Programming Project #5 (proj5A) (first part)
CS194-26: Image Manipulation and Computational Photography
IMAGE WARPING and MOSAICING (first part of a larger project)
The goal of this assignment is to get your hands dirty in different aspects of image warping with a “cool” application — image mosaicing. You will take two or more photographs and create an image mosaic by registering, projective warping, resampling, and compositing them. Along the way, you will learn how to compute homographies, and how to use them to warp images.
The steps of the assignment are:
1. Shoot and digitize pictures (20 pts)
2. Recover homographies (20 pts)
3. Warp the images (20 pts) [produce at least two examples of rectified images]

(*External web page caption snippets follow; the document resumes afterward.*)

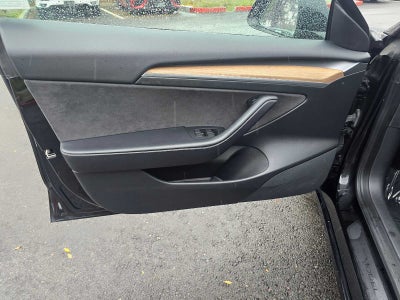 2023 Tesla Model 3 RWD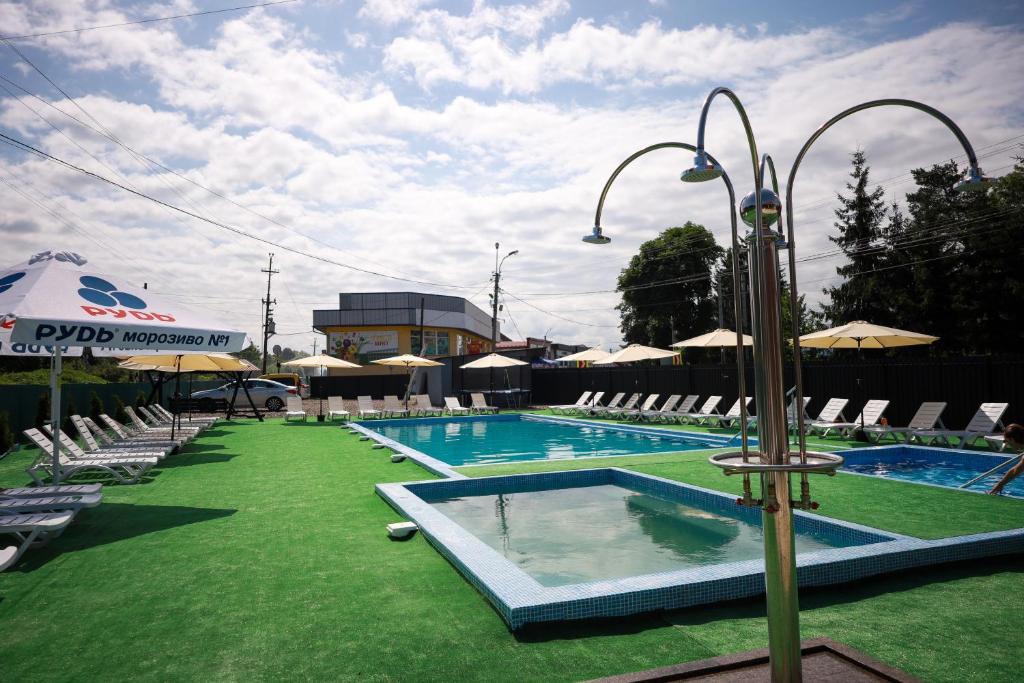 Bazén v ubytování Aqua Hotel nebo v jeho okolí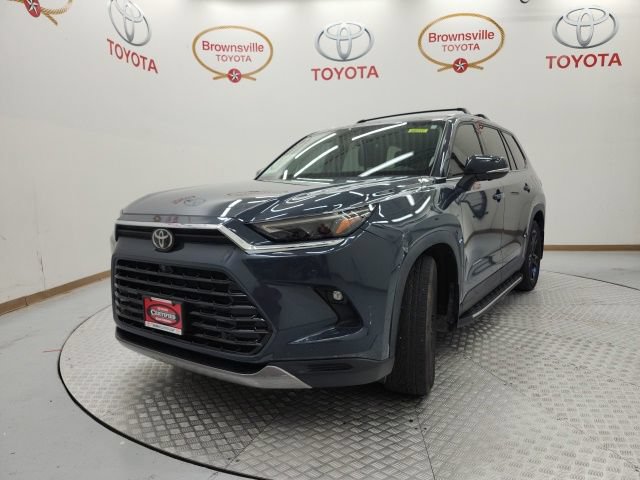 Certified 2025 Toyota Grand Highlander AWD image 2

4. Blend images into a mosaic (20 pts) [show source images and results for three mosaics.] 5. Optional Bells and Whistles (up to 20 pts, combined from Parts A and B)
6. Submit your results
There are some built in functions that are able to do much of what is needed. However, we want you to write your own code. Therefore, you are not allowed to use the following functions in your solution: cp2tform, imtransform, tformarray, tformfwd, tforminv, and maketform, or their python equivalents. On the other hand, there are a number of very helpful functions (e.g. for solving linear systems, inverting matrices, linear
interpolation, etc) that you are welcome to use. If there is a question whether a particular function is allowed, ask us.
Shoot the Pictures
Shoot two or more photographs so that the transforms between them are projective (a.k.a. perspective). One way to do this is to shoot from the same point of view but with different view directions, and with overlapping fields of view. Another way to do this is to shoot pictures of a planar surface (e.g. a wall) or a very far away scene (i.e. plane at infinity) from different points of view.

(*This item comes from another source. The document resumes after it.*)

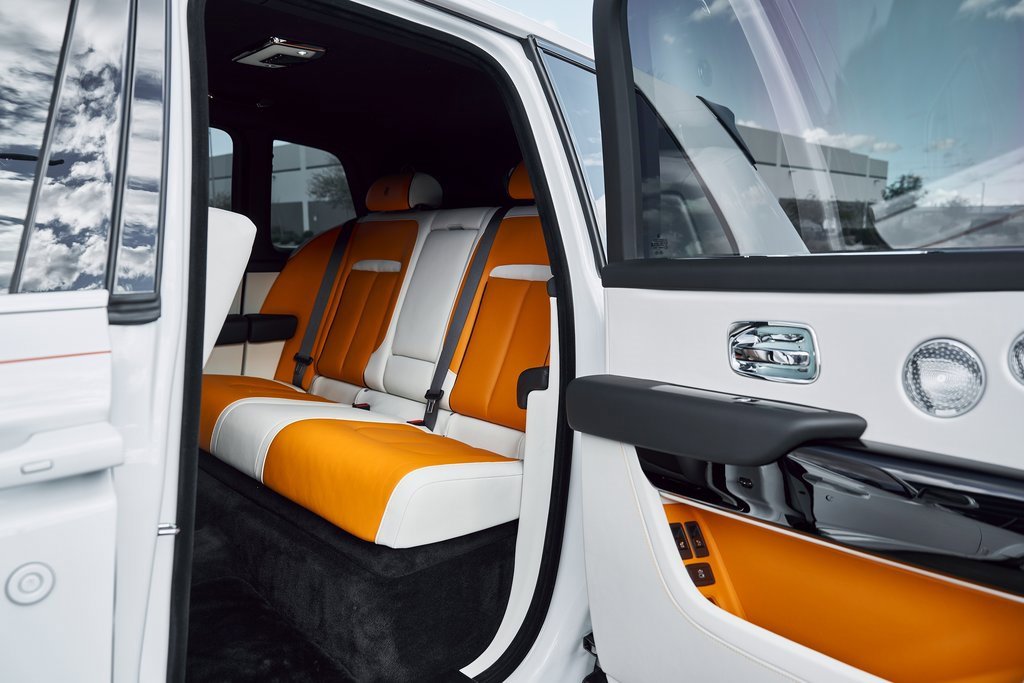 Used 2026 Rolls-Royce Cullinan image 34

The easiest way to acquire pictures is using a digital camera. Make sure to use the highest resolution setting (important for homography calculation; you can always downsample it later). Matlab’s imread can take most popular image formats; use unix convert for the more obscure ones.
While we expect you to acquire most of the data yourself, you are free to supplement it with other sources (old photographs, scanned images, the Internet). We’re not particular about how you take your pictures or get them into the computer, but we recommend:
Avoid fisheye lenses or lenses with significant barrel distortion (do straight lines come out straight?). Any focal length is ok in principle, but wide angle lenses often make more interesting mosaics.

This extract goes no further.